- Лётчики, разворачивайте на сто восемьдесят градусов и держите курс на наши две бомбы, горящие на земле. Да побыстрее разворачивайте машину, чтобы не успели их потушить.
- Не потушат, бо они горячие, - шутит Пусэп, заложив крутой вираж чуть не под 90 градусов.
- Товарищ штурман! Надо влево довернуть, чтобы выйти на наши бомбы, подал признаки жизни носовой стрелок Федорищенко.
- Хорошо! Направляй машину, тебе там виднее.

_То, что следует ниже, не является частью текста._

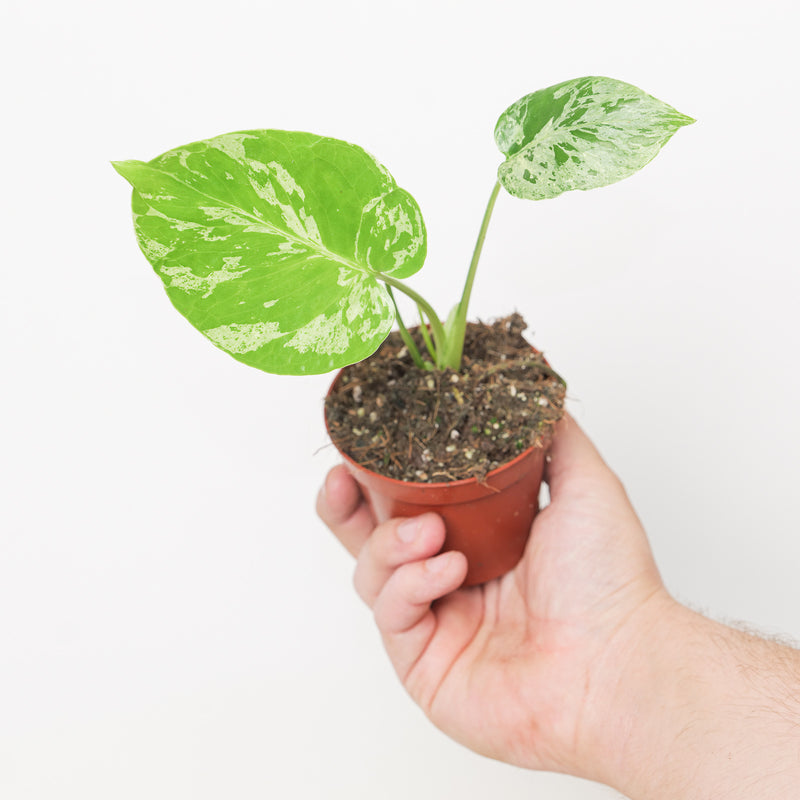 Monstera deliciosa 'Bulbasaur' Plants GrowTropicals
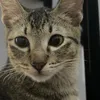 angelf28_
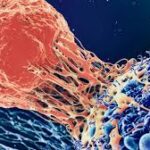 Exploring Cancer Prevention for Every Age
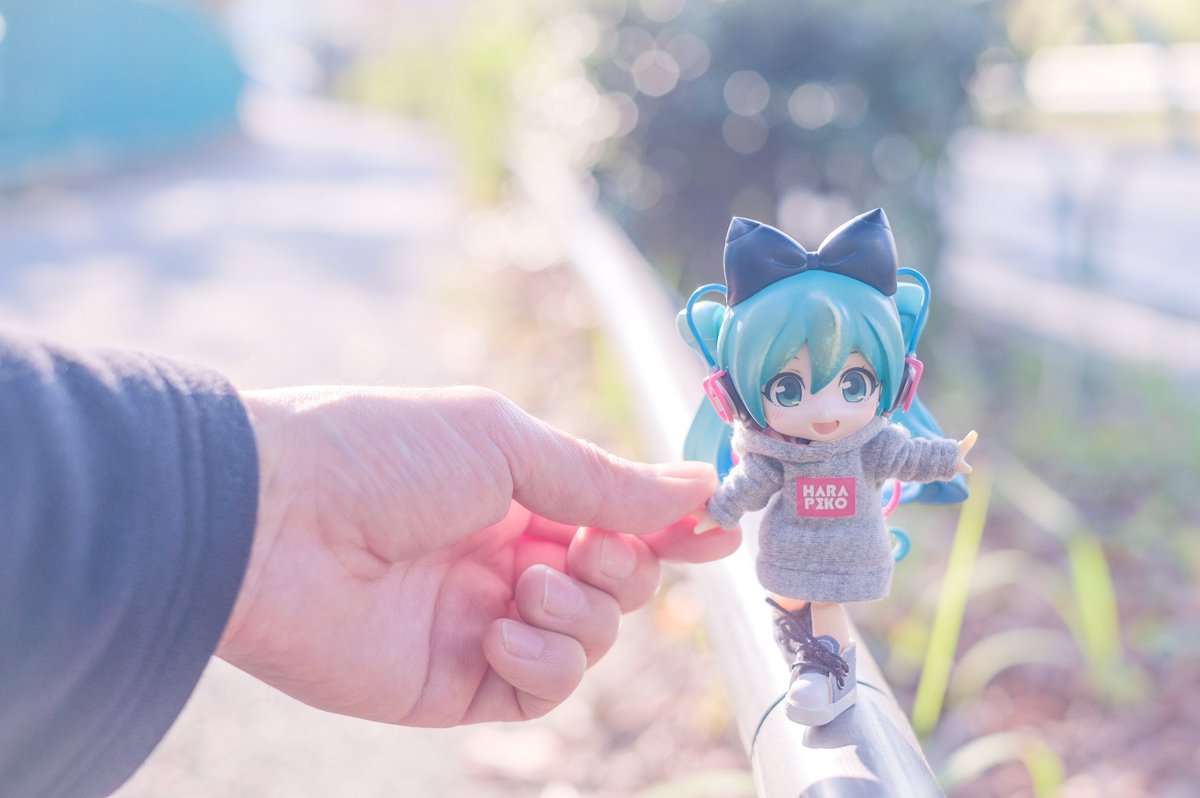 ちょた🧵 tweet media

Дёргаю ручку. Пламя горящих на земле бомб хорошо освещает весь перекрёсток, и я убеждаюсь, что здесь, действительно, очень много машин. Сердце радостно стучит, вот-вот выскочит. Видны люди, пытающиеся оттащить горящие бомбы от машин. Застрочил пулемёт.
- Немного влево! Так, хорошо. Теперь держи ровно. Нажимаю кнопку.
- Можно в облака входить? - спросил Пусэп.
- Рано ещё. Надо рассмотреть, куда бомбы попали.
В самом центре перекрёстка одна за другой взорвались бомбы, и на секунду всё застыло, Сердце, кажется, остановилось. Неужели не загорится?
Машину очень сильно подбросило в самые облака, но страха не было. Другое чувство его опередило...
На месте разорвавшихся бомб взметнулось, осветив облака, огромное пламя.
Это вам за Калинин, за всё, что вы, мерзавцы, сделали!
Заложив глубокий вираж, Пусэп развернул машину влево.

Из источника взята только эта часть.